The Abraham Accords and the New Israeli Government: Abraham’s Promise of Reconciliation and Peace Becomes Real

On the first day of Rosh Hashanah the liturgy includes the story of the expulsion of Abraham’s son Ishmael, father of the Arab nation and Hagar his mother perhaps foreshadowing an eternal battle between Arabs and Jews.

“Sarah said to Abraham, “Cast out that slave-woman and her son, for the son of that slave shall not share in the inheritance with my son Isaac.”

The matter distressed Abraham greatly, for it concerned a son of his…
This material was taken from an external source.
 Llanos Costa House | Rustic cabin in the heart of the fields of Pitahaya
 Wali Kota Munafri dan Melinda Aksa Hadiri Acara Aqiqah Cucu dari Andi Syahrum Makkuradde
But God said to Abraham, “Do not be distressed over the boy or your slave; whatever Sarah tells you, do as she says, for it is through Isaac that offspring shall be continued for you.”

Early next morning Abraham took some bread and a skin of water, and gave them to Hagar. He placed them over her shoulder, together with the child, and sent her away. And she wandered about in the wilderness of Beer-sheba…

When the water was gone from the skin, she left the child under one of the bushes and went and sat down at a distance, a bowshot away; for she thought, “Let me not look on as the child dies.” And sitting thus afar, she burst into tears…

Then God opened her eyes and she saw a well of water. She went and filled the skin with water, and let the boy drink…

God was with the boy and he grew up…”

This seems like a very strange Torah reading for
Rosh Hashanah when in Rabbi Jonathan Sacks words:
“God judges the whole world and decides on their fate for the coming year. It is as if the world has become a court- room. God Himself is the Judge. The shofar announces that the court is in session, and we are on trial, giving an account of our lives.”

Each time the shofar blows we respond:

Today is the birthday of the world. Today all creatures of the world stand in judgement…whether as children of God or as
servants. If as children be merciful with us as the mercy of a father for children.…until You be gracious to us and release our verdict clear and pure as light, O Awesome and Holy One.

We ask God to judge us as a father judges his children with love and compassion so the story of Hagar and Ishmael seems like a poor choice of a story to excite the compassion of God for his people or for us.

But there may be more to it than what’s on the surface and like Hagar we need to open our eyes to see the “well of water”…the possibility of reconciliation.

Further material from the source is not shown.